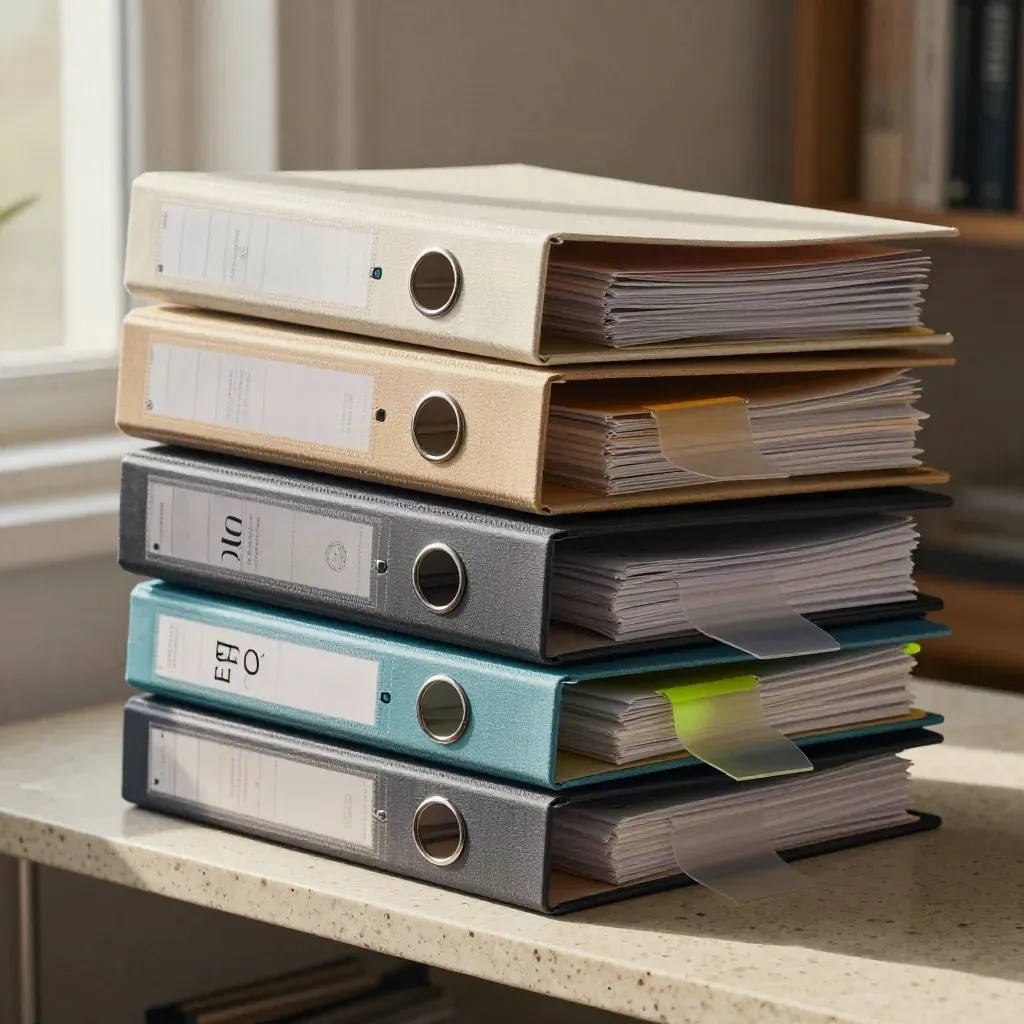 Stack of SEO audit binders and folders on travertine with soft mist and teal accents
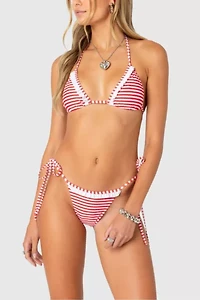 Edikted Zora Striped Triangle Bikini Top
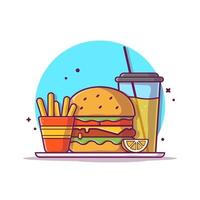 hamburger met sinaasappelsap, citroen, mosterd en frietjes cartoon vector pictogram illustratie. voedsel object pictogram concept geïsoleerde premium vector. platte cartoonstijl
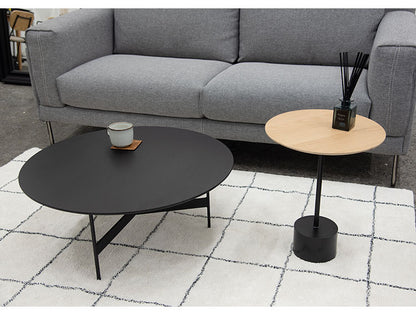 センターテーブル 幅78cm ラウンドテーブル 円形 丸型 アイアン 木製 天然木 オーク おしゃれ シンプル 幅78cm 高さ33.5cm 3本脚 重厚感 モダン ソファ 座椅子 新生活(代引不可)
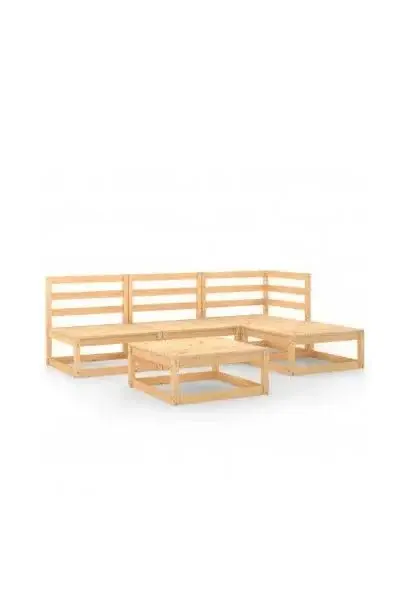 VIDAXL 3075489 Sofás para jardín de madera maciza de pino con un acabado en color natural madera de vidaXL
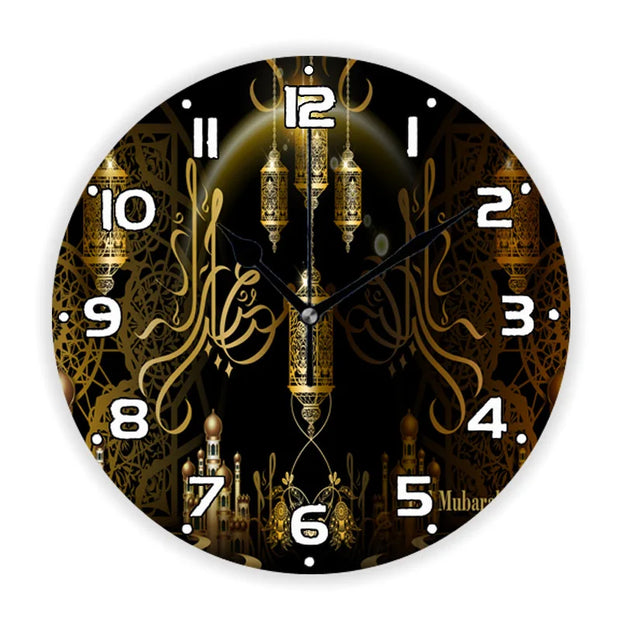Luxury Golden Eid Mubarak Mosques and Fanoos Lanterns Wall Clock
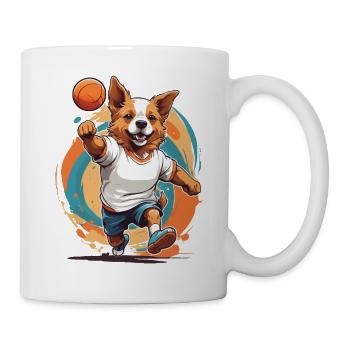Cute dog handball player streetwear - Mug - white - Right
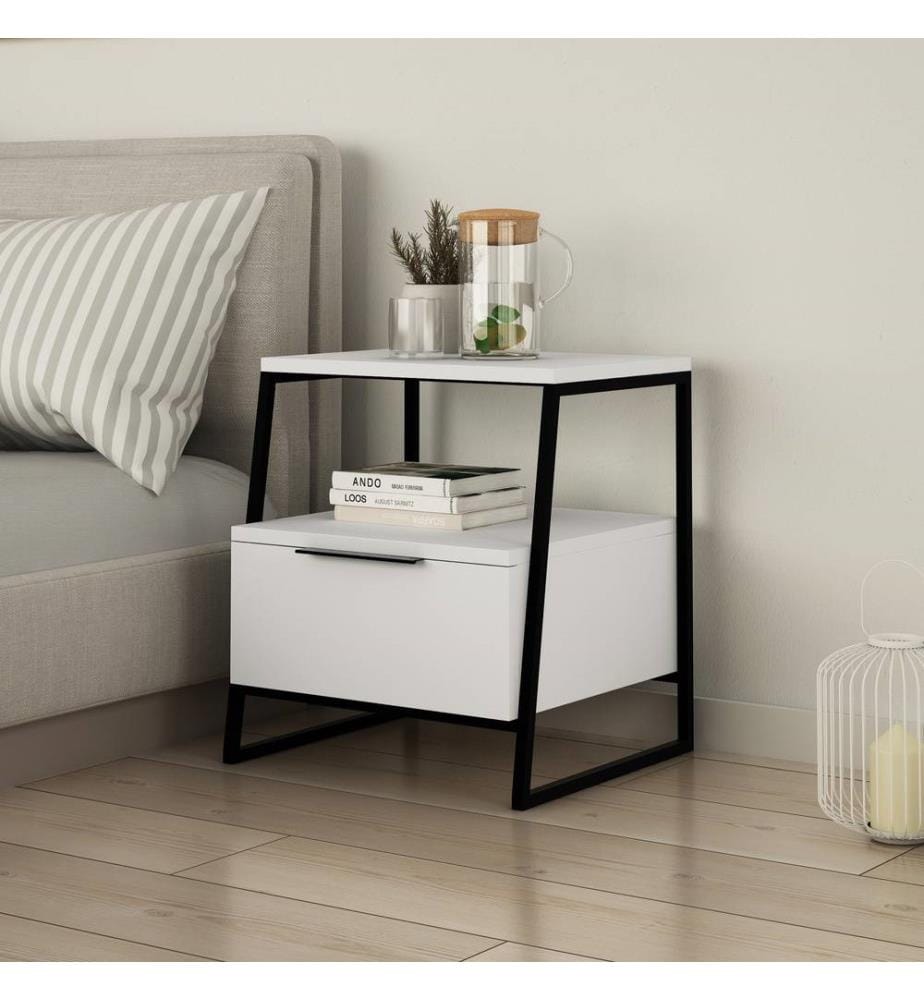 Table de chevet - Blanc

----------------

## [Assignment]
Copy, without the pictures, exactly the lines from the line with "Edikted Zora Striped Triangle Bikini Top" through the end of the material above, both ends included.

## [Task solution]
 Edikted Zora Striped Triangle Bikini Top
 hamburger met sinaasappelsap, citroen, mosterd en frietjes cartoon vector pictogram illustratie. voedsel object pictogram concept geïsoleerde premium vector. platte cartoonstijl
 センターテーブル 幅78cm ラウンドテーブル 円形 丸型 アイアン 木製 天然木 オーク おしゃれ シンプル 幅78cm 高さ33.5cm 3本脚 重厚感 モダン ソファ 座椅子 新生活(代引不可)
 VIDAXL 3075489 Sofás para jardín de madera maciza de pino con un acabado en color natural madera de vidaXL
Luxury Golden Eid Mubarak Mosques and Fanoos Lanterns Wall Clock
Cute dog handball player streetwear - Mug - white - Right
 Table de chevet - Blanc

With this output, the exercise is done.